Segment Start: Information

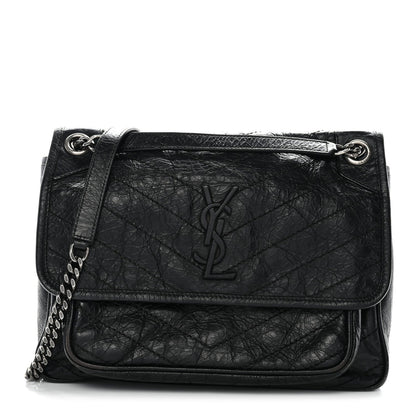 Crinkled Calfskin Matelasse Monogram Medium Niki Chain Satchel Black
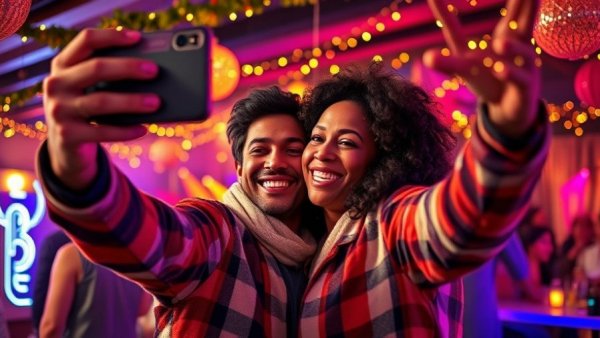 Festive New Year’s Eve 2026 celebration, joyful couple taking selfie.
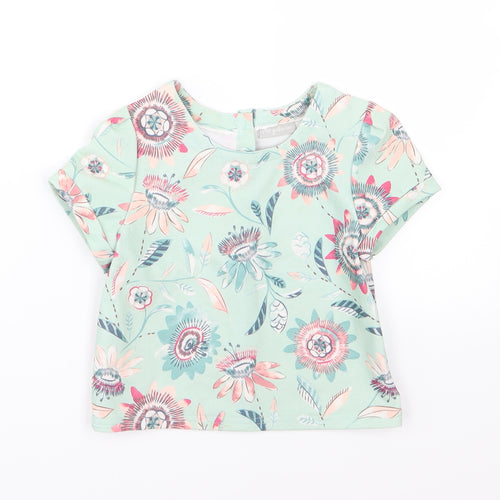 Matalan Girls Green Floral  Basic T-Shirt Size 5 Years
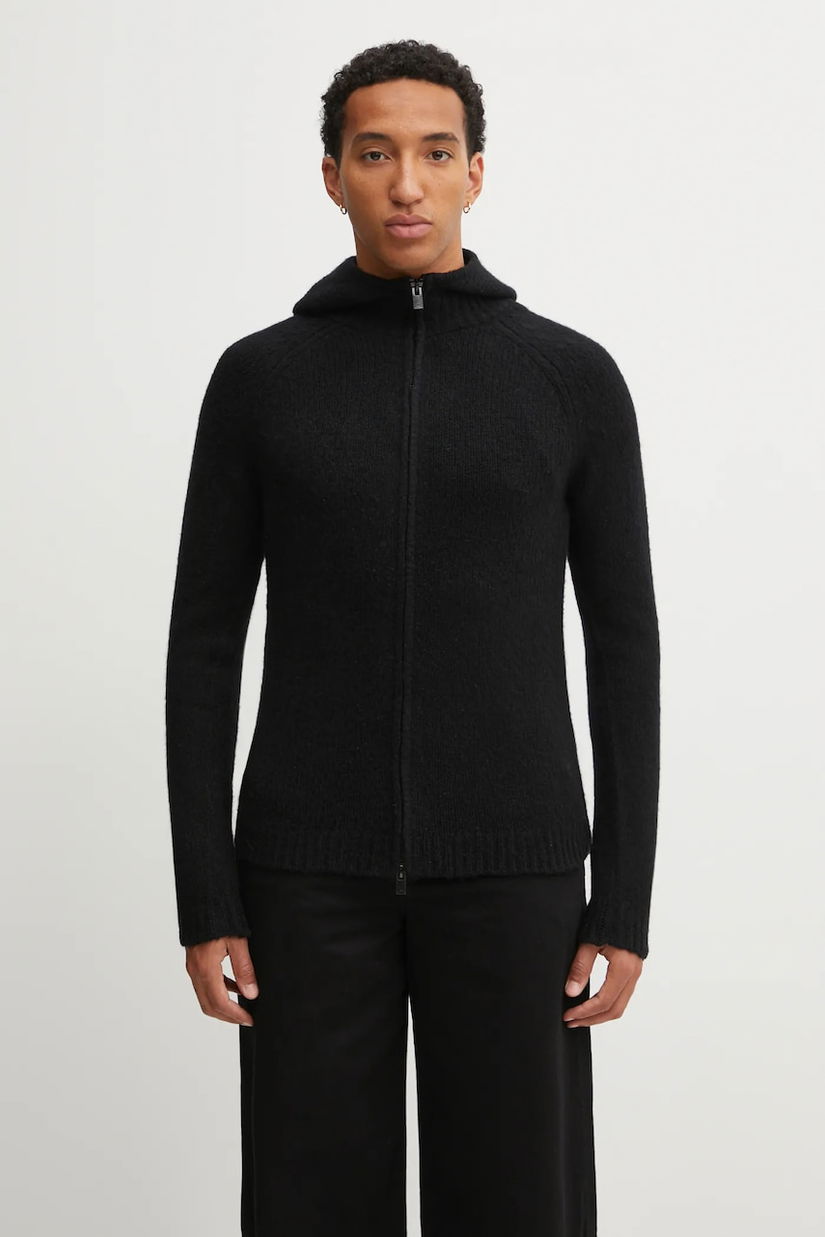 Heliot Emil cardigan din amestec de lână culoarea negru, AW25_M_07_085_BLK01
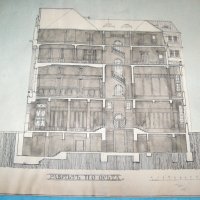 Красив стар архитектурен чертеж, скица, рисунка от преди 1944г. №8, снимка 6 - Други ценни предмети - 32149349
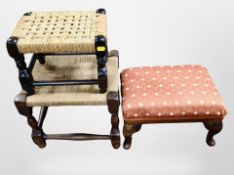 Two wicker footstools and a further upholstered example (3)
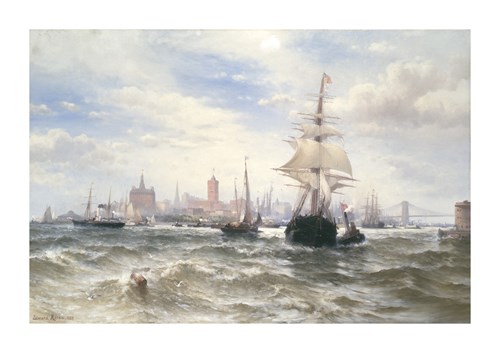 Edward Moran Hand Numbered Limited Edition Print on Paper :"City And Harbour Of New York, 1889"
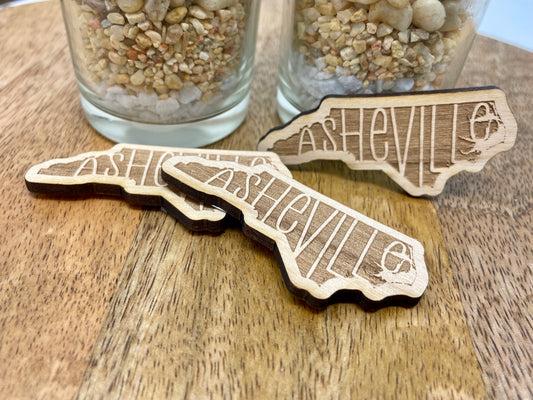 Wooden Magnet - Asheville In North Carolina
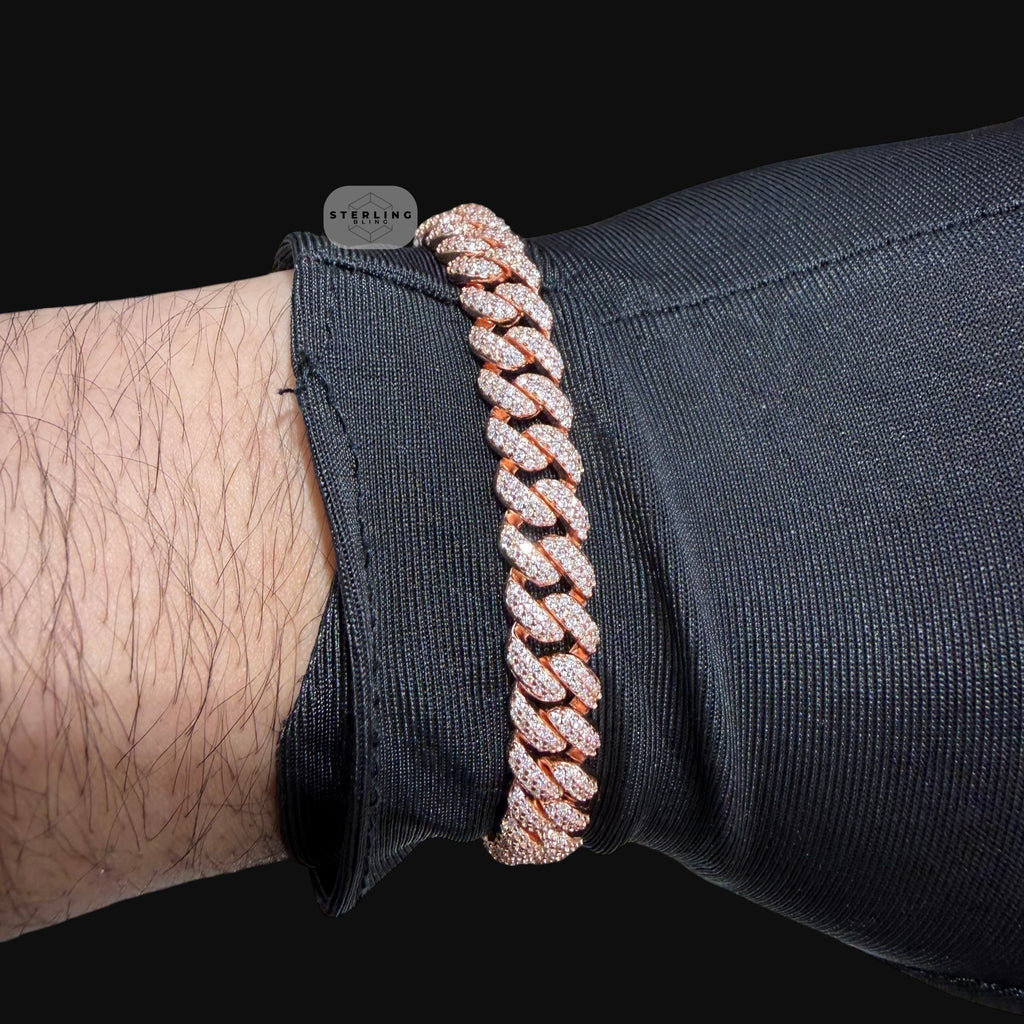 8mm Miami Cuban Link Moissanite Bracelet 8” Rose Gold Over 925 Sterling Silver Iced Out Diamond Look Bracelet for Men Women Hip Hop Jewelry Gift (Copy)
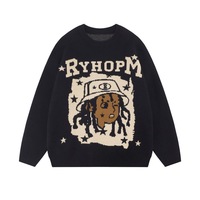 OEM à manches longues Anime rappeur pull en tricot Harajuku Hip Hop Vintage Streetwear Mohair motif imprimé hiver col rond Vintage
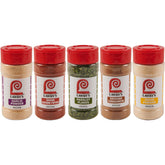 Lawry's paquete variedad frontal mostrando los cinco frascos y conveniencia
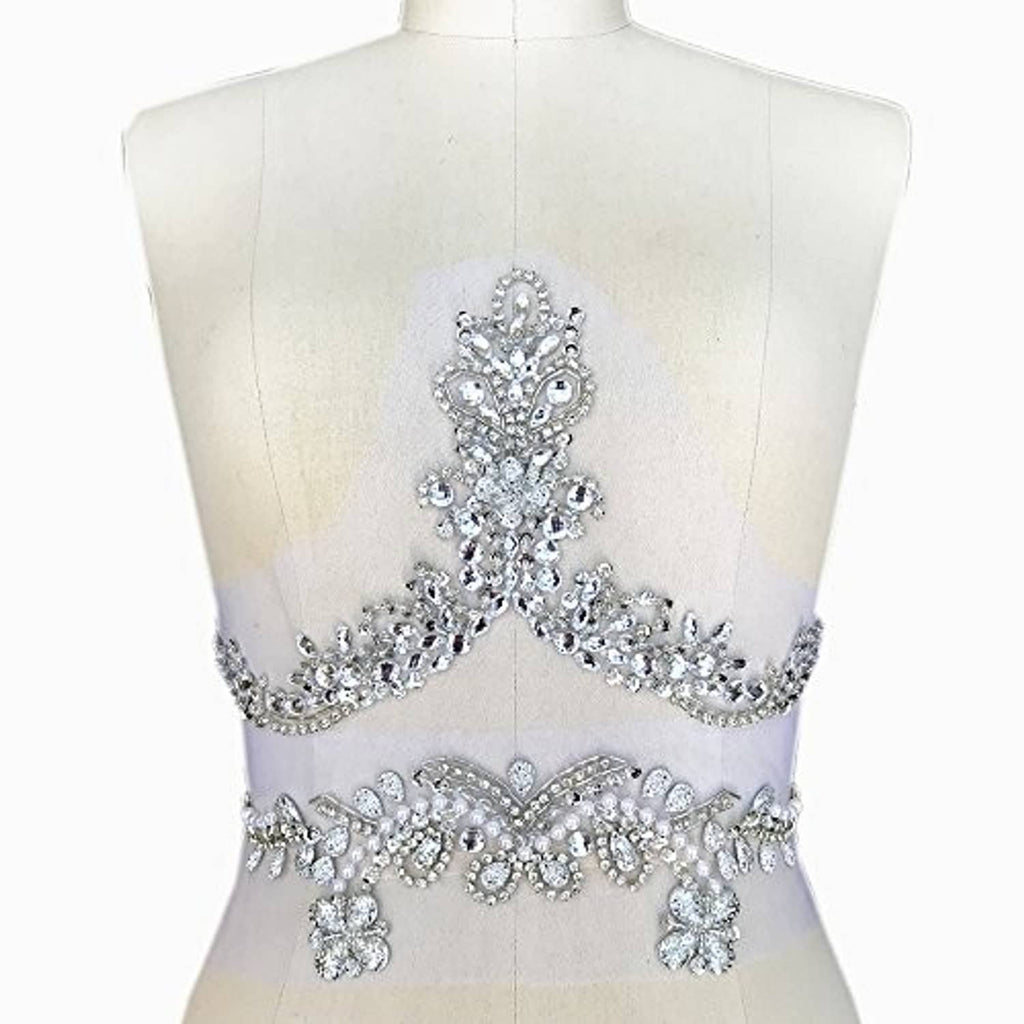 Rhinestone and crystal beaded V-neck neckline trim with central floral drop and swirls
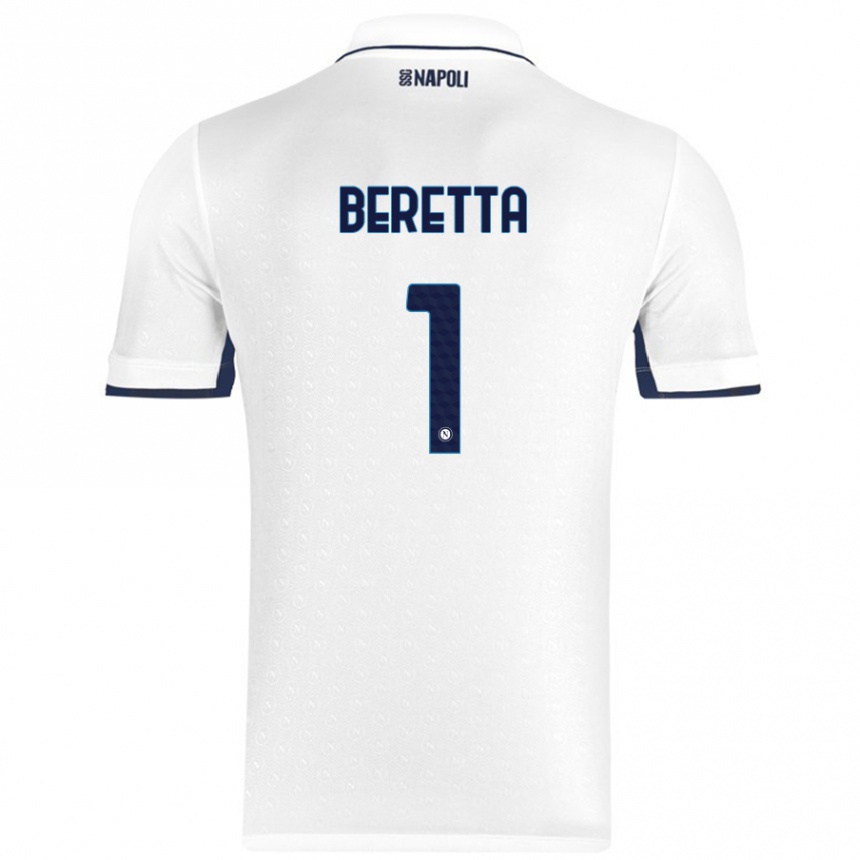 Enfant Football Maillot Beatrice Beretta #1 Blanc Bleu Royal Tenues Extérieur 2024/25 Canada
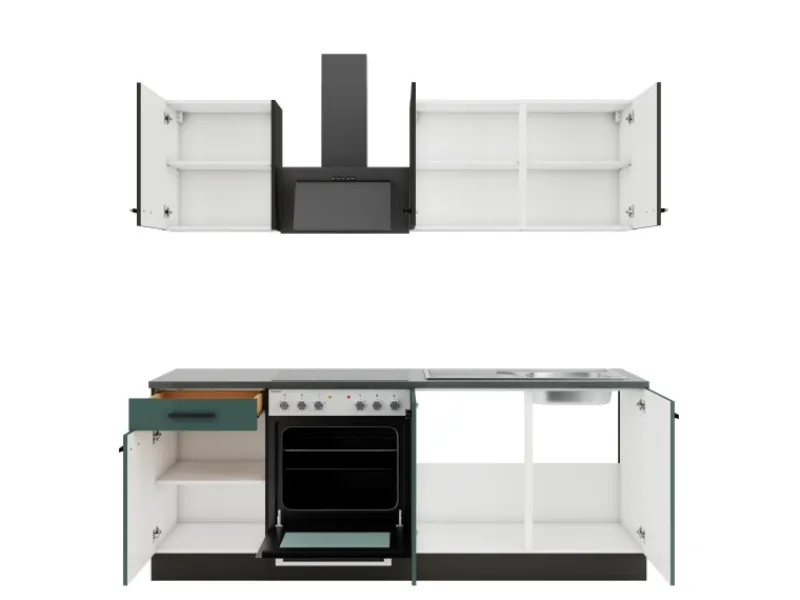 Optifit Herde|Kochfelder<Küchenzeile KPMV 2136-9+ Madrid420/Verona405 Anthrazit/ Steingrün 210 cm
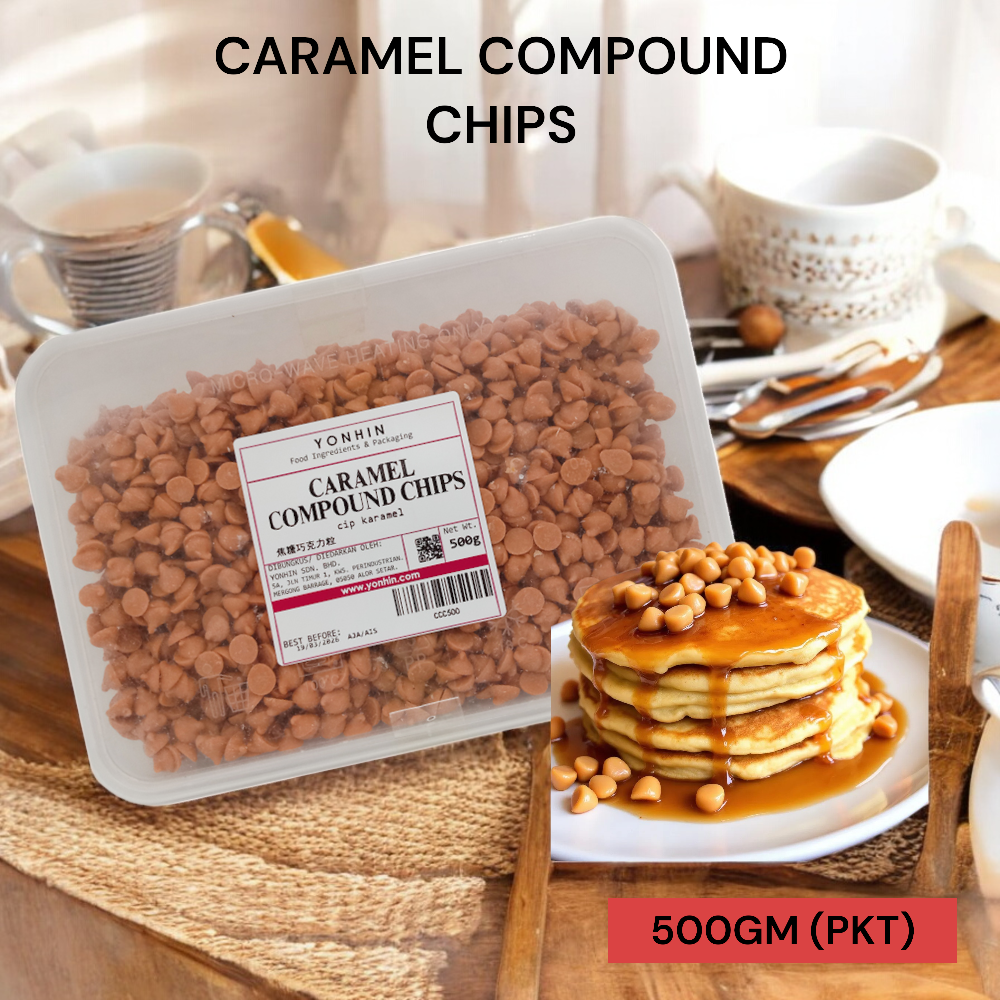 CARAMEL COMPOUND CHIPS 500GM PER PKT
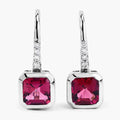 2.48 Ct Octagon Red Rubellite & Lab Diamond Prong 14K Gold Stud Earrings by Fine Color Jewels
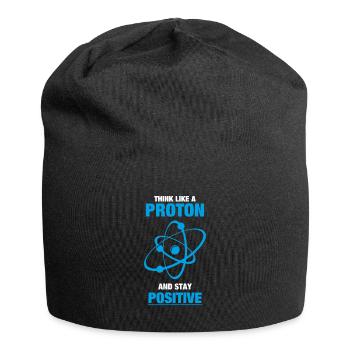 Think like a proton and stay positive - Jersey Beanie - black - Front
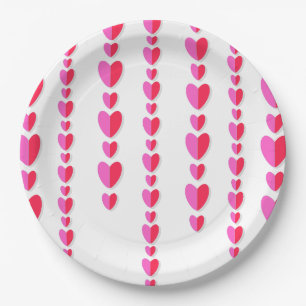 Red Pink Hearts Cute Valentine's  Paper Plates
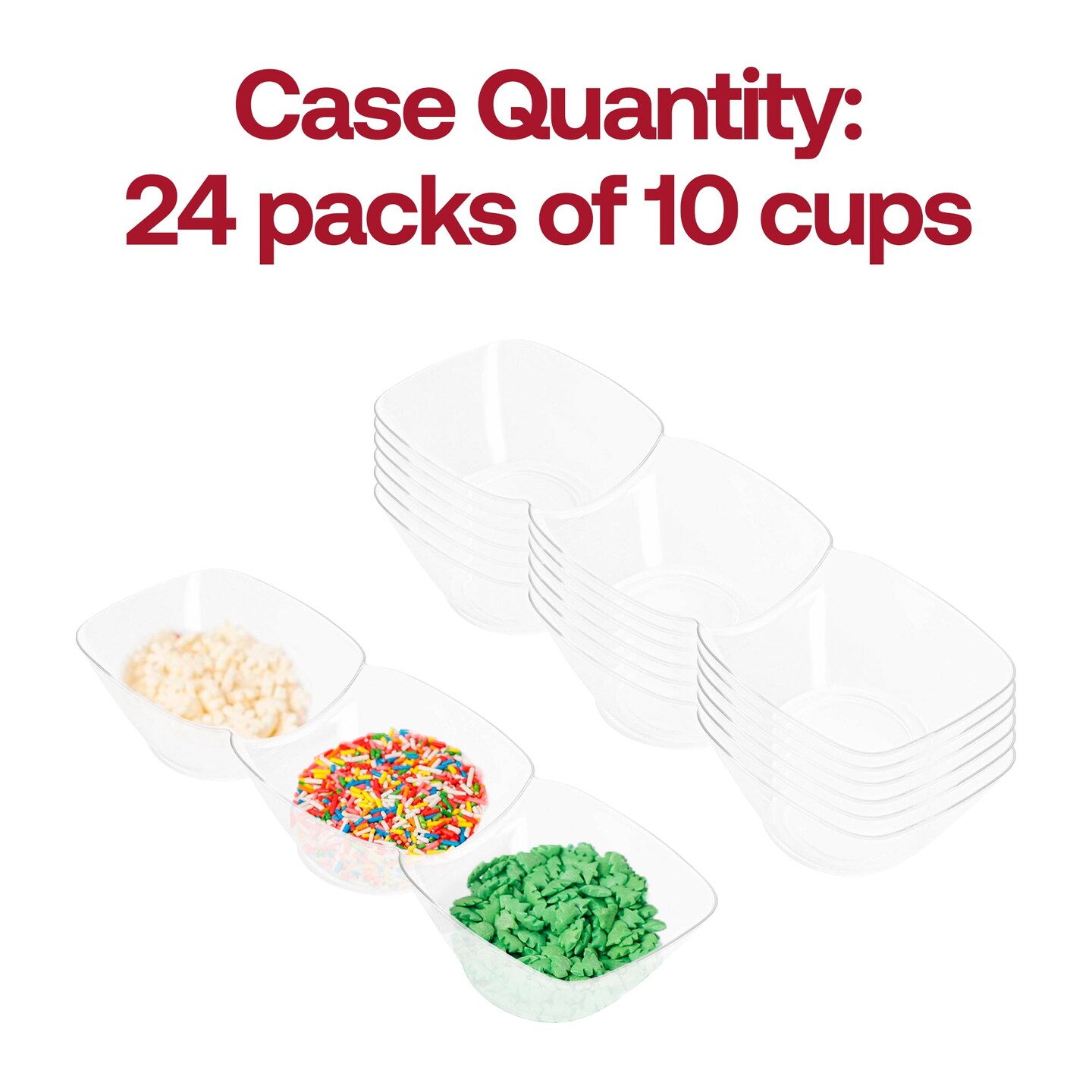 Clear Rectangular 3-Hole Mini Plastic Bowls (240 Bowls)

Segment End: Information

*Task to complete*. Transcribe, from the material above, the stretch starting at the line with "Heliot Emil cardigan" and ending at the line with "OEM à manches", both included, exactly. Do not carry over pictures.

*Written answer*.
 Heliot Emil cardigan din amestec de lână culoarea negru, AW25_M_07_085_BLK01
 Красив стар архитектурен чертеж, скица, рисунка от преди 1944г. №8, снимка 6 - Други ценни предмети - 32149349
 Two wicker footstools and a further upholstered example (3)
 Edward Moran Hand Numbered Limited Edition Print on Paper :"City And Harbour Of New York, 1889"
 Wooden Magnet - Asheville In North Carolina
 8mm Miami Cuban Link Moissanite Bracelet 8” Rose Gold Over 925 Sterling Silver Iced Out Diamond Look Bracelet for Men Women Hip Hop Jewelry Gift (Copy)
 OEM à manches longues Anime rappeur pull en tricot Harajuku Hip Hop Vintage Streetwear Mohair motif imprimé hiver col rond Vintage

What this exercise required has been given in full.